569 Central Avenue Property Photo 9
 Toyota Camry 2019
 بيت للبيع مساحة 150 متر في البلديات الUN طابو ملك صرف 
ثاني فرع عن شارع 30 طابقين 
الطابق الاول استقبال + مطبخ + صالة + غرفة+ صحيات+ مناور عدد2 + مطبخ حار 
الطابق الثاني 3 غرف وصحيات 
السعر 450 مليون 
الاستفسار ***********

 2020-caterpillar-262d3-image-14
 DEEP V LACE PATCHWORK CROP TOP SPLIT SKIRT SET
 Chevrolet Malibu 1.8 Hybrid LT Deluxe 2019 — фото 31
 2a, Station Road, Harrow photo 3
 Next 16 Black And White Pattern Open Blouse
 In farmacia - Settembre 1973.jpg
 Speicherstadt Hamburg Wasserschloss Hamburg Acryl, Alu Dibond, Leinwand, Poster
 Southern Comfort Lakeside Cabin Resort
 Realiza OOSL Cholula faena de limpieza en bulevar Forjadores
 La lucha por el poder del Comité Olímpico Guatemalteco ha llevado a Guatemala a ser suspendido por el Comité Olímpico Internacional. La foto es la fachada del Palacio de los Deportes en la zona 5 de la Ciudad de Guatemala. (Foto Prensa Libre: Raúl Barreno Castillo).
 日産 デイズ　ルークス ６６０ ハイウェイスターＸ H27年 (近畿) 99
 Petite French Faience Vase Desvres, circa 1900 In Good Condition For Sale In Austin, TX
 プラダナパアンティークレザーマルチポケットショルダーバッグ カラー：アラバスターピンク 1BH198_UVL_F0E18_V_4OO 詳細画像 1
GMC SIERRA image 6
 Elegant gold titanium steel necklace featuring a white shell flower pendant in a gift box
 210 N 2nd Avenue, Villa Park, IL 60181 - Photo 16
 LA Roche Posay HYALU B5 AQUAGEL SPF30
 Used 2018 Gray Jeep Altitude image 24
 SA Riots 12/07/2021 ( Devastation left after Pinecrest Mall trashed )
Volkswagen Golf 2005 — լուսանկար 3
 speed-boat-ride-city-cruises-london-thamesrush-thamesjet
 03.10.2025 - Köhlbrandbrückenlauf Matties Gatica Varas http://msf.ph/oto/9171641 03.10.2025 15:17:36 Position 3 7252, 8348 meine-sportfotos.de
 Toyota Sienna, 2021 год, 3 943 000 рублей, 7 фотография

**Task directions**.
Everything from the first line above up to and including the line that contains "speed-boat-ride-city-cruises-london-thamesrush-thamesjet" should be printed exactly; please print only that.

**Answer area**.
569 Central Avenue Property Photo 9
 Toyota Camry 2019
 بيت للبيع مساحة 150 متر في البلديات الUN طابو ملك صرف 
ثاني فرع عن شارع 30 طابقين 
الطابق الاول استقبال + مطبخ + صالة + غرفة+ صحيات+ مناور عدد2 + مطبخ حار 
الطابق الثاني 3 غرف وصحيات 
السعر 450 مليون 
الاستفسار ***********

 2020-caterpillar-262d3-image-14
 DEEP V LACE PATCHWORK CROP TOP SPLIT SKIRT SET
 Chevrolet Malibu 1.8 Hybrid LT Deluxe 2019 — фото 31
 2a, Station Road, Harrow photo 3
 Next 16 Black And White Pattern Open Blouse
 In farmacia - Settembre 1973.jpg
 Speicherstadt Hamburg Wasserschloss Hamburg Acryl, Alu Dibond, Leinwand, Poster
 Southern Comfort Lakeside Cabin Resort
 Realiza OOSL Cholula faena de limpieza en bulevar Forjadores
 La lucha por el poder del Comité Olímpico Guatemalteco ha llevado a Guatemala a ser suspendido por el Comité Olímpico Internacional. La foto es la fachada del Palacio de los Deportes en la zona 5 de la Ciudad de Guatemala. (Foto Prensa Libre: Raúl Barreno Castillo).
 日産 デイズ　ルークス ６６０ ハイウェイスターＸ H27年 (近畿) 99
 Petite French Faience Vase Desvres, circa 1900 In Good Condition For Sale In Austin, TX
 プラダナパアンティークレザーマルチポケットショルダーバッグ カラー：アラバスターピンク 1BH198_UVL_F0E18_V_4OO 詳細画像 1
GMC SIERRA image 6
 Elegant gold titanium steel necklace featuring a white shell flower pendant in a gift box
 210 N 2nd Avenue, Villa Park, IL 60181 - Photo 16
 LA Roche Posay HYALU B5 AQUAGEL SPF30
 Used 2018 Gray Jeep Altitude image 24
 SA Riots 12/07/2021 ( Devastation left after Pinecrest Mall trashed )
Volkswagen Golf 2005 — լուսանկար 3
 speed-boat-ride-city-cruises-london-thamesrush-thamesjet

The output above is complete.